Quality Management Workshop: Feedback on ISO Certification in a Pharmaceutical Technology Unit

A workshop on certification was organised during the Gerpac European conference, held in Giens (France) in October 2016. The aim of this workshop was to discuss and share experiences about the ISO certification of pharmaceutical technology units in the framework of the hospital global certification process.

In April 1996 the certification process was introduced to our health system and has progressively found its place in French hospitals [1]. This external and independent procedure concerning the quality of services of a hospital and its trustees is performed by health professionals mandated by the French health authority (HAS) [2]. Those health experts based their inspection on the manual edited by this health authority [3]. This referential allows evaluating the global functioning of the health institution. Other independent certifications being part of a voluntary process are also applicable to our public and private hospitals, like the ISO 9001 norm [4, 5] for example, which defines the organizational requirements needed for a proper management system. This process has a 3 year validity and is organized as shown in Figure 1.

Figure 1:

Certification steps in France concerning ISO certification in hospitals.

Thanks to their expertise in terms of certifications inside their pharmaceutical technology unit certified ISO 9001: version 2008 for about 10 years, the experts invited to chair the workshop have been able to analyze the specificities of each of these certifications and to highlight the benefits of agreeing to an ISO 9001 process.

A survey launched inside the workshop attendees allowed us to highlight the fact the participants were involved in a HAS certification process inside their health institute, complying with requirements launched in 2014 (V2014), but only 1/3 of the workshop attendees had simultaneously started an ISO certification process, and only one institute was certified in compliance with the new ISO version.

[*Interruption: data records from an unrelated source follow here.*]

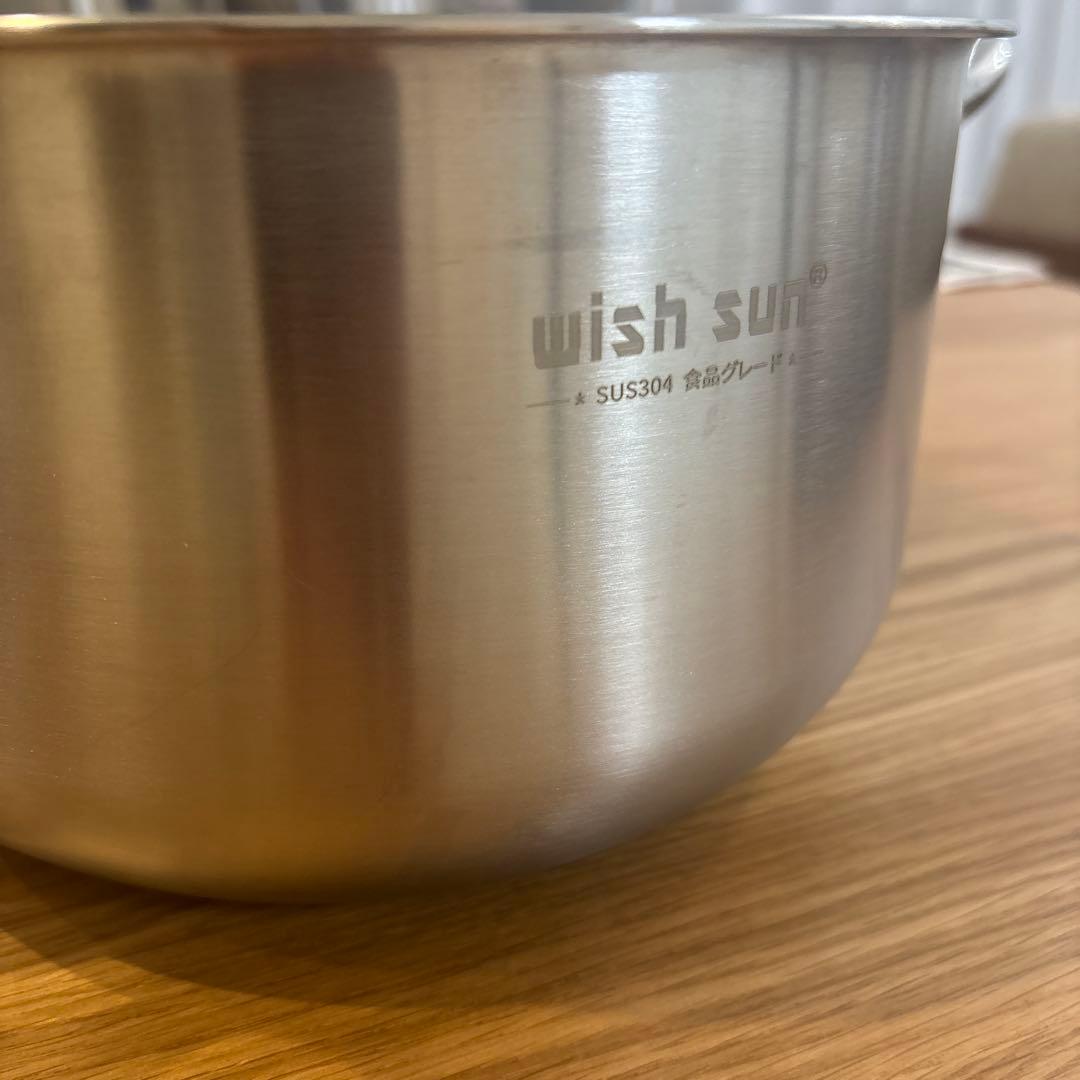 【新品未使用※】鍋とせいろセット 21cm せいろ紙50枚、蒸し板　お手入ブラシ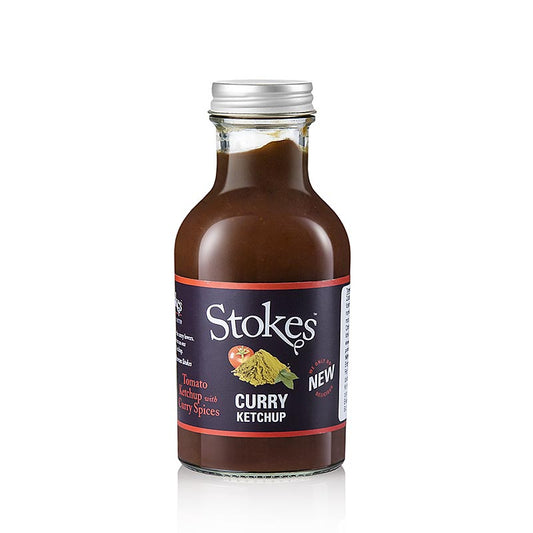 Stokes Kerrie Ketchup, 257 ml - heerlijke ambachtelijke kerriesmaak, perfect voor bij frietjes en burgers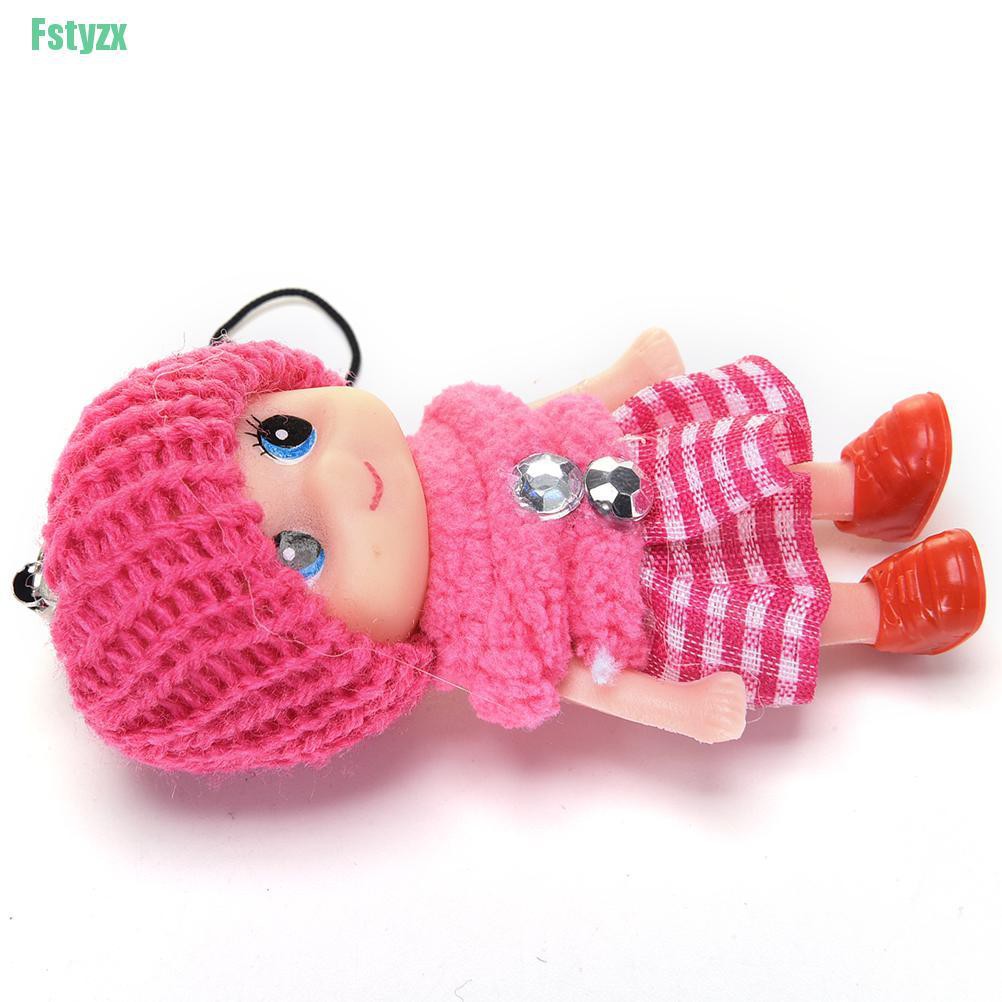 fstyzx 1 Pcs Soft Baby Dolls Interactive Mini Doll Phone Hanging Kids Children Toys 8cm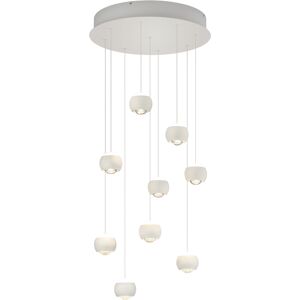 LED Hanglamp - Musterring Cannon - 9 Lichtpunten van 5 Watt - Rond - Dimbaar - Aanpasbare Lichtkleur - Geheugenfunctie - Nachtlamp - Up-and-down Verlichting - Mat Wit - Metaal LED Hanglamp - Musterring Cannon - 9 Lichtpunten van 5 Watt - Rond - Dimbaar - Aanpasbare Lichtkleur - Geheugenfunctie - Nachtlamp - Up-and-down Verlichting - Mat Wit - Metaal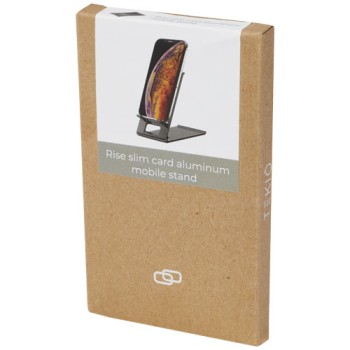 Gadget per smartphone personalizzato con logo - Supporto per telefono sottile in alluminio Rise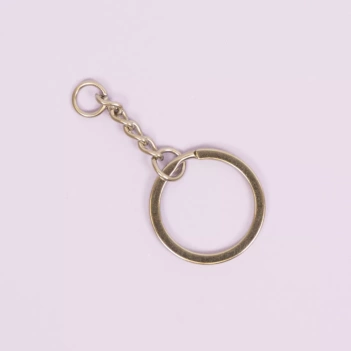 Craftelier Basics Schlüsselring mit Silberkette
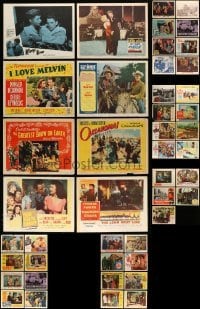 5h159 LOT OF 53 1950S LOBBY CARDS '50s-60s great scenes from a variety of different movies!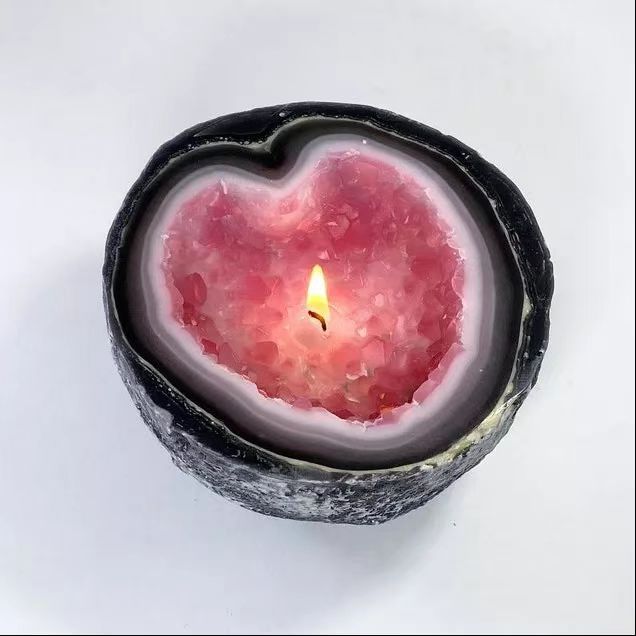 Creative candle bowl retro resin crafts, desktop decorations, candle aromatherapy containers
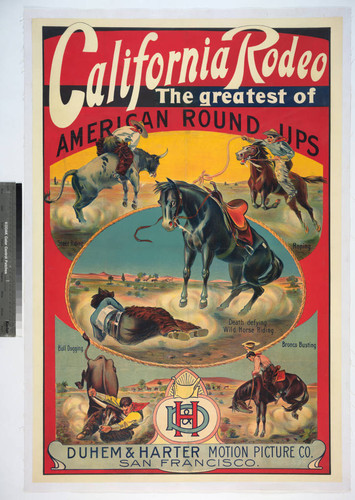 California Rodeo: the greatest of American round ups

A concrete enlightening on the norm on the new requirements launched in 2015 (V2015) allowed us to showcase to the participants the possible benefits in terms of quality management concerning preparation units:

Multiple examples are based on the appropriation of the requirements concerning knowledge and technique management:

1. using an initial and continuous training plan for the medical and paramedical staff,

2. Implementing annual interviews of the medical staff,

3. assessing annual records on knowledge and skillset with a defined progression plan and training, created and dispensed by the teams themselves,

4. management commitment with the definition of risks and opportunities related to the current system,

5. definition of processes including the customer,

6. subcontractor and concurrent interfaces,

7. optimization and continuous improvement.

Most questions reported by the pharmacists were about the numbers of people and the time spent to do this quality activity and how to involve the directors in this quality approach. The relative part of health institutes having already started the two certification processes shows the difficulties and challenges represented by motivation of directions and operational teams. However, seventy-five percent of the participants revealed that the examples proposed by the experts where instantly applicable inside their pharmaceutical technology units.

In conclusion, the sake of the ISO process in terms of valorisation of quality for preparation activities appeared as a key element, especially concerning the development of subcontracted preparation activities [6]. Experts also identified different common points related to the convergence of the exigencies relatives to HAS and ISO certifications, thus emphasizing the interests of such processes in pharmaceutical technology units. A future workshop fully devoted to the new ISO certification standards in its 2015 version has been proposed.